Copy exactly the lines of the data below, beginning with the line with "(En personlig fort&aelig;lling" and ending with the line with "翡翠18K金镶嵌颈饰戒指". Pictures are to be omitted.

# # # # # # #

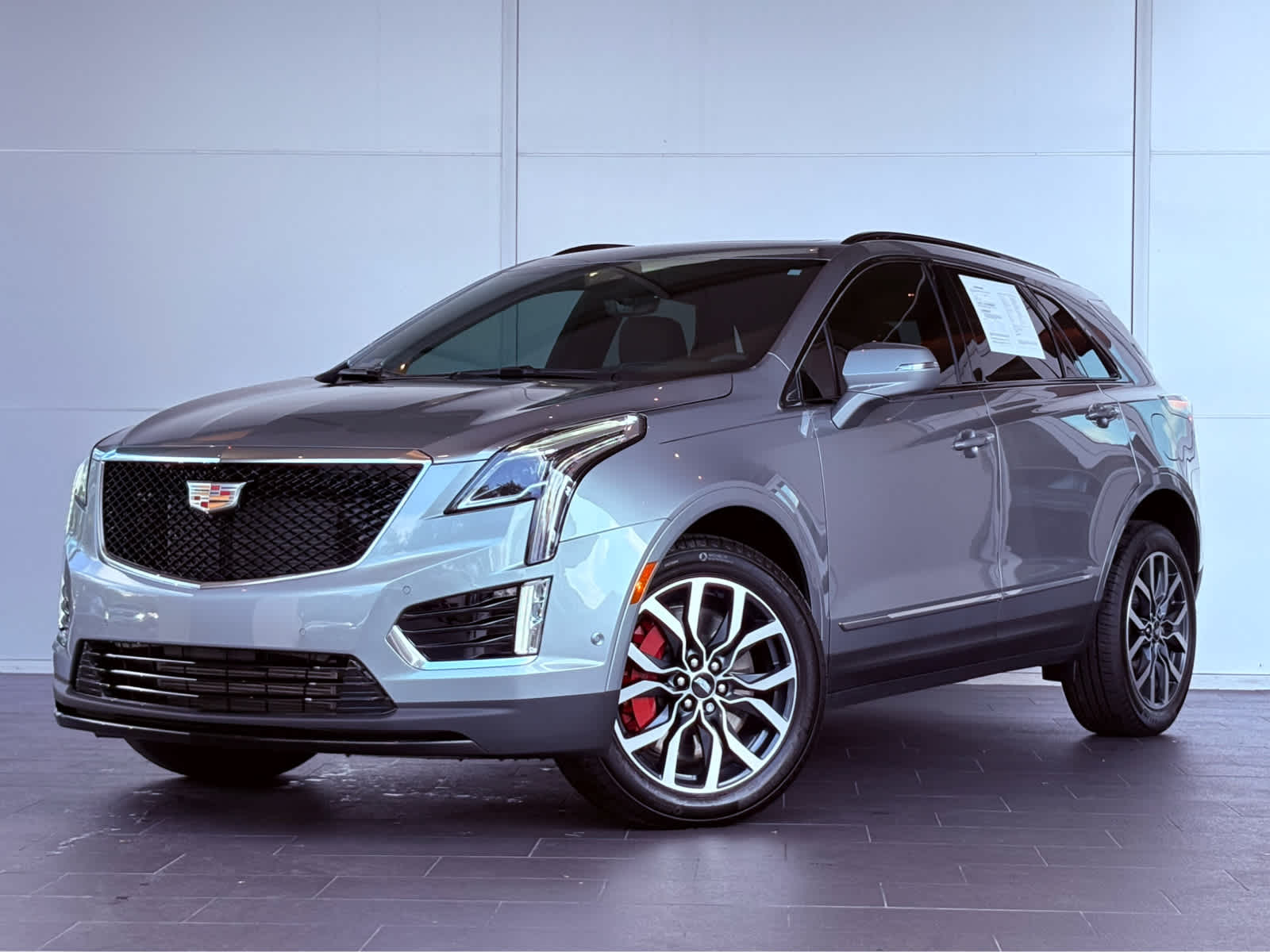 2025 Cadillac XT5 Sport's photo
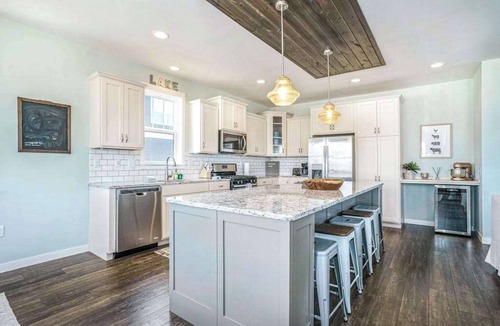 Miami Park House | Beautiful home close to beach with deck, patio, firepit, WiFi, & gas fireplace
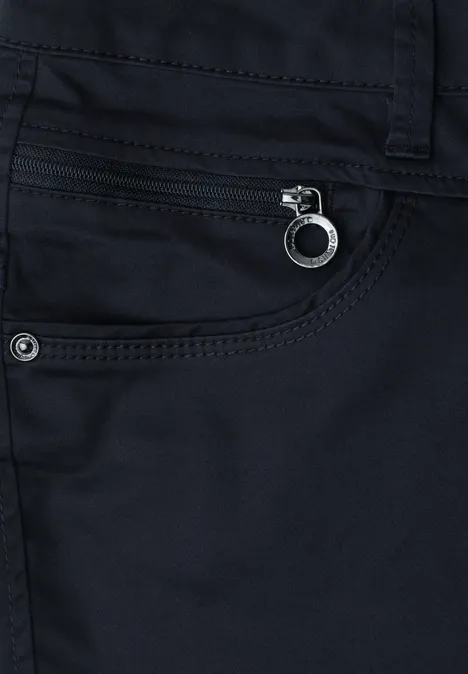Schwarze Hose mit seitlicher Tasche und einem silbernen Metallring als Reißverschlusszug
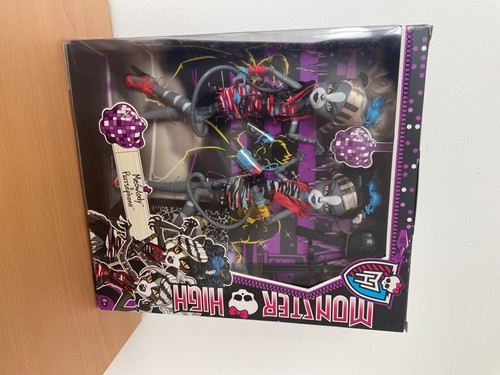 Poupées monster high - monster, zombie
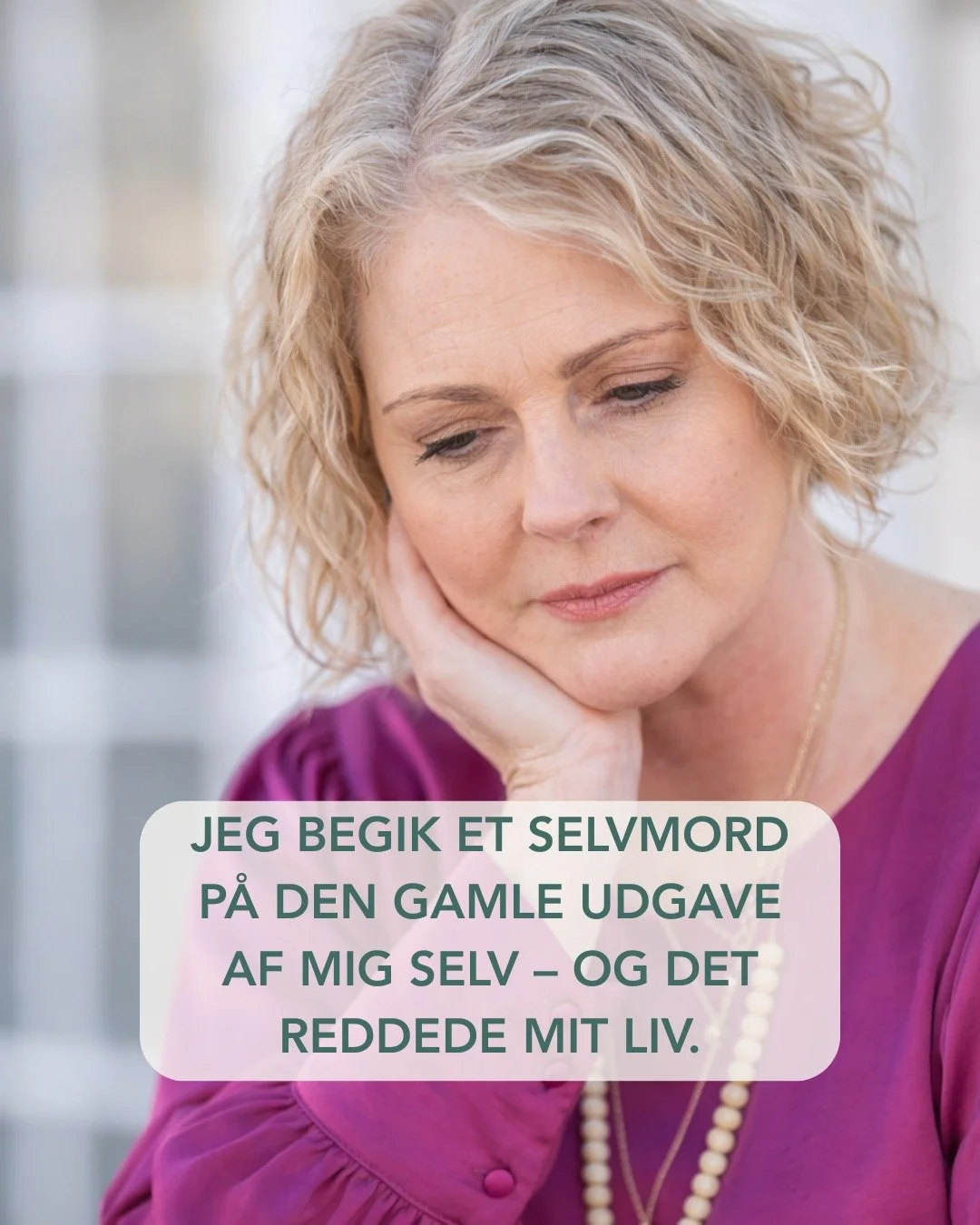 Jeg begik et selvmord p&aring; den gamle udgave af mig selv &ndash; og det reddede mit liv.
(En personlig fort&aelig;lling om identitetsskifte og transformation) 

Der var en tid, hvor jeg var dybt forg&aelig;ldet og fyldt med skam.
Udmattet. Uden h&
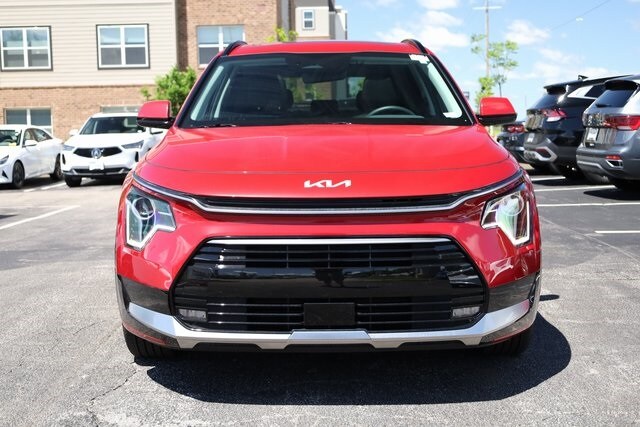 2024 Kia Niro EX Touring photo 3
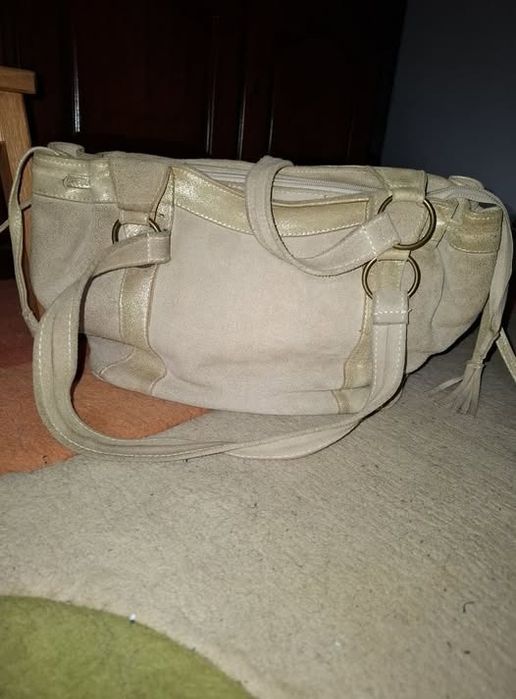 Geanta din iele intoarsa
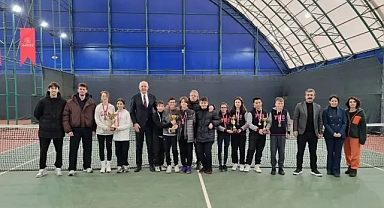 Kırklareli'de GSB Okul Sporları Yıldız Tenis Müsabakaları Sona Erdi
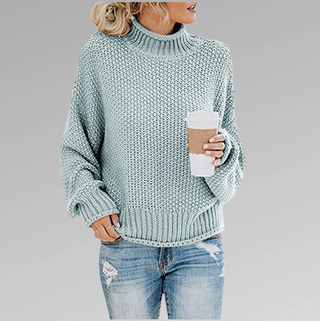 Women's Classic Knitted Sweater with Collar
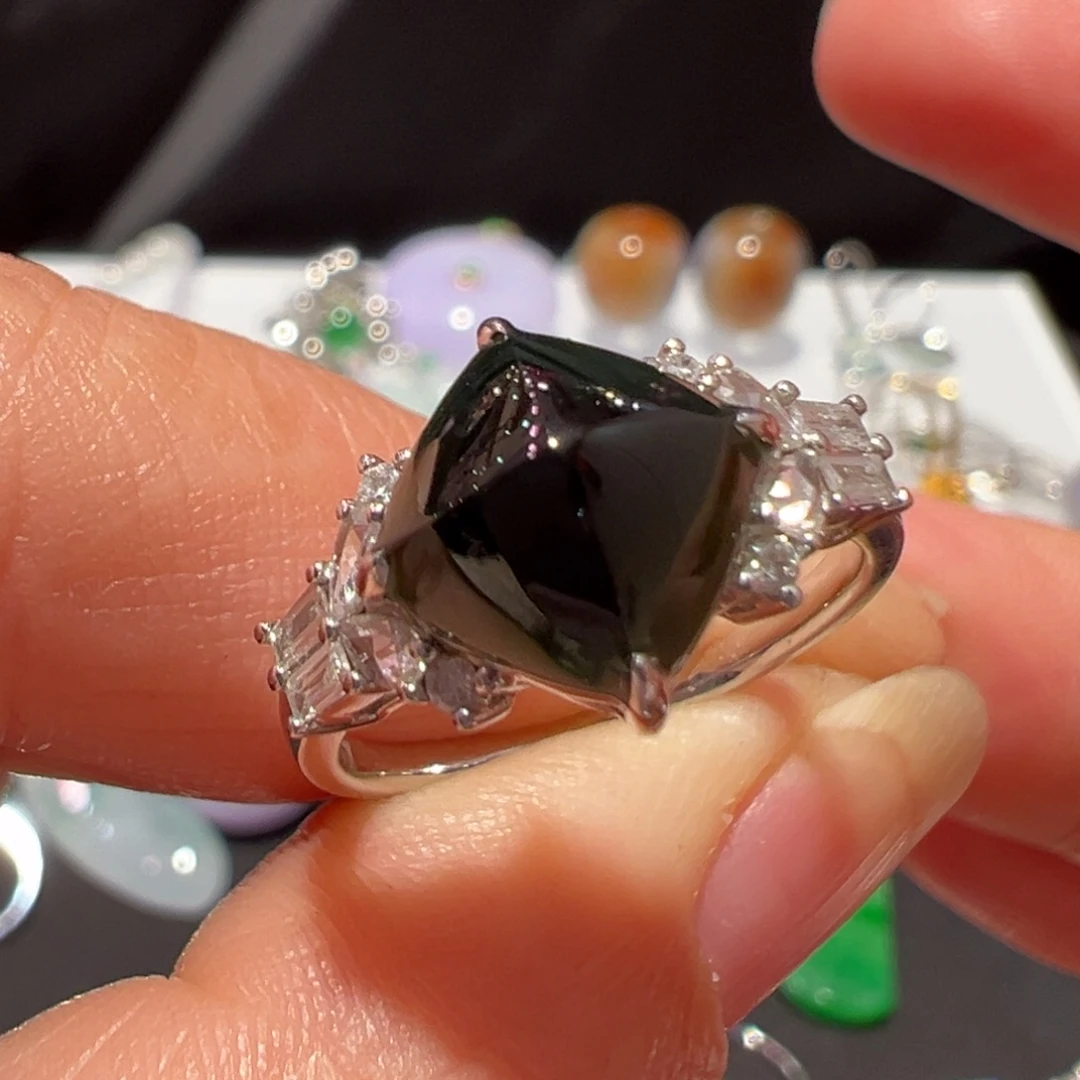 翡翠18K金镶嵌颈饰戒指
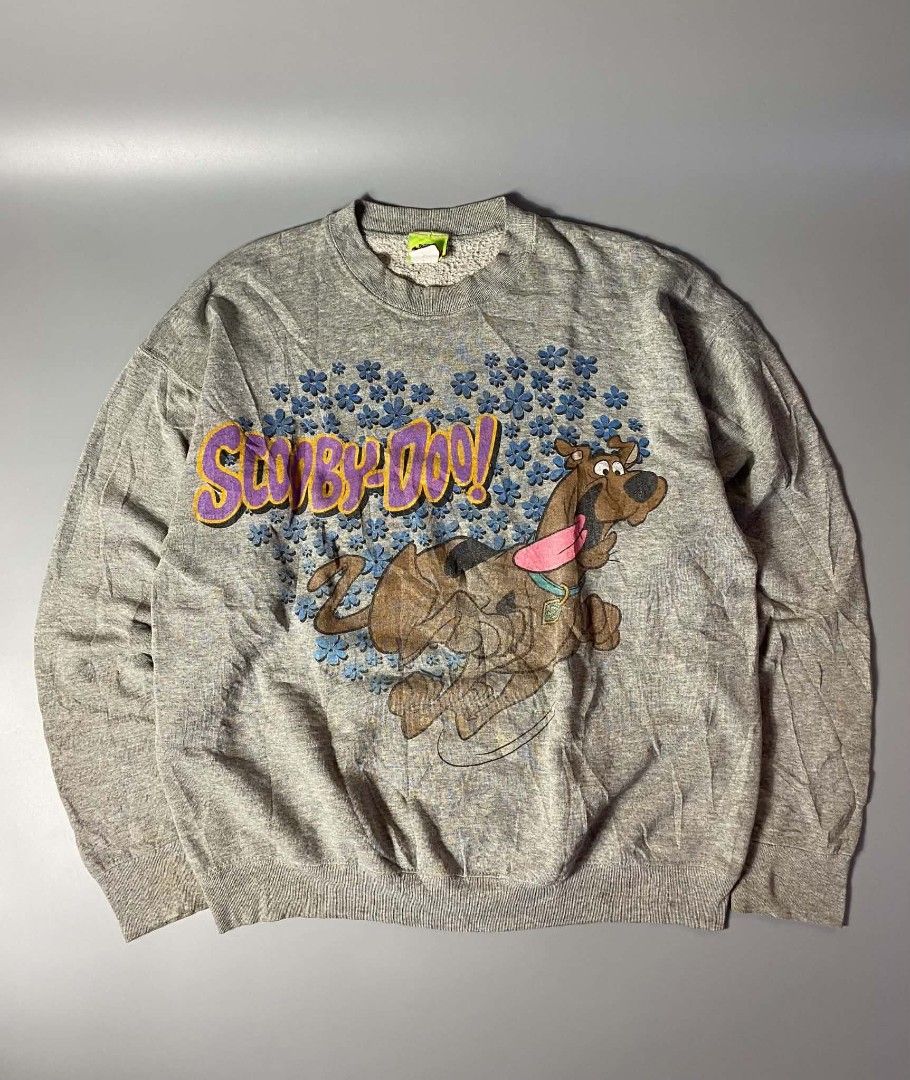 Vintage Scooby Doo sweatshirt (Category: Coats, Jackets and Outerwear) located in Bacolod City. Submitted by jollyst4ffs. (Listing ID 1454871343, Image 1). Description: Scooby Doo vintage crewneck Size XL Dated 1998 Dimes 24 x 28.5 Claim price 2000 Pm me if interested.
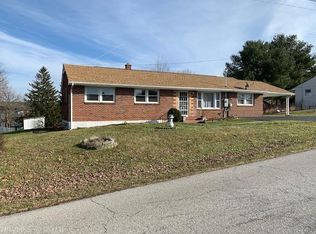 300 Clearview Dr, Christiansburg, VA 24073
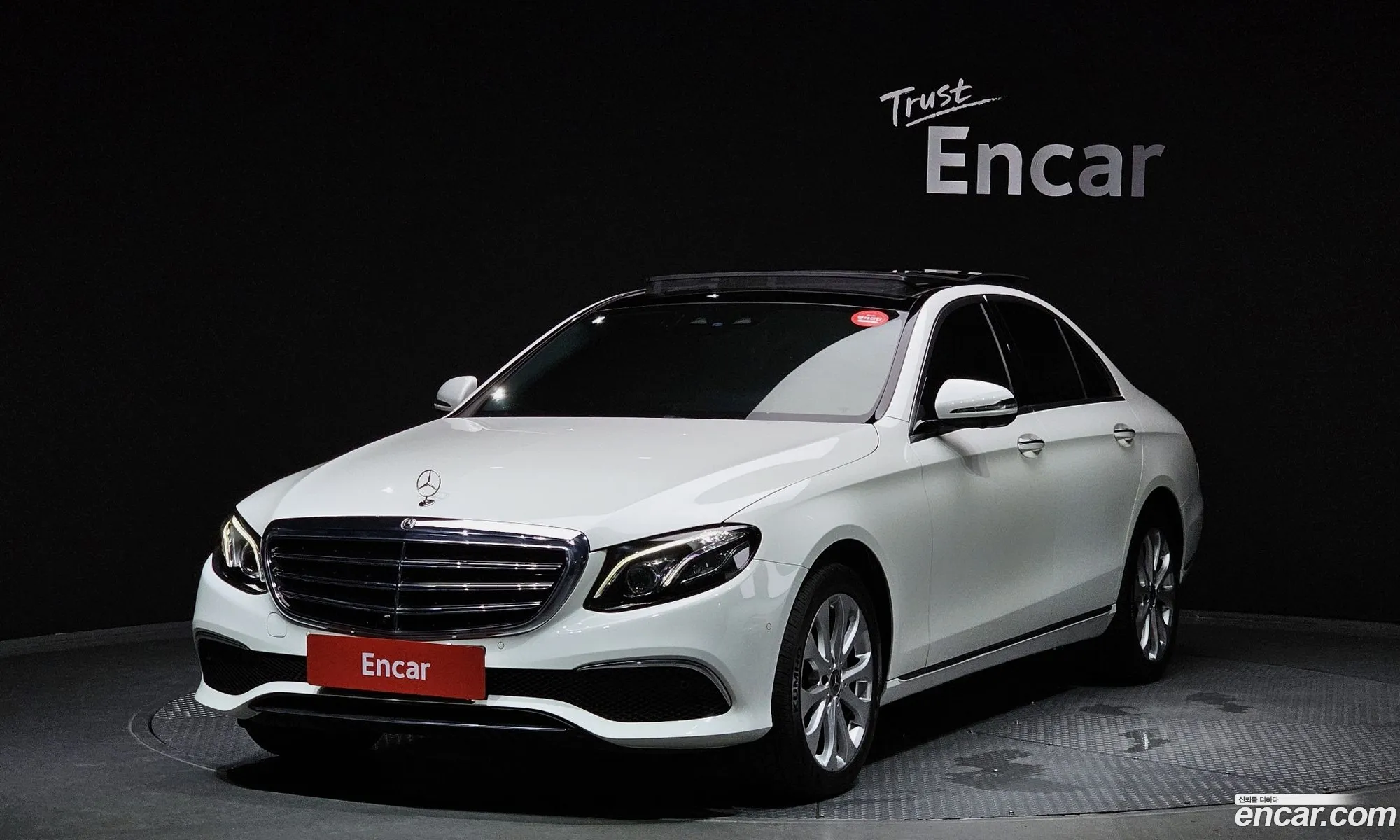 Mercedes-Benz E-Klasse V W213 S213 C238 E300 Exclusive 2019 - фотография 16570919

# # # # # # #

• [Result for this exercise]
(En personlig fort&aelig;lling om identitetsskifte og transformation) 

Der var en tid, hvor jeg var dybt forg&aelig;ldet og fyldt med skam.
Udmattet. Uden h&
 2024 Kia Niro EX Touring photo 3
 Geanta din iele intoarsa
 Kırklareli'de GSB Okul Sporları Yıldız Tenis Müsabakaları Sona Erdi
 Women's Classic Knitted Sweater with Collar
 翡翠18K金镶嵌颈饰戒指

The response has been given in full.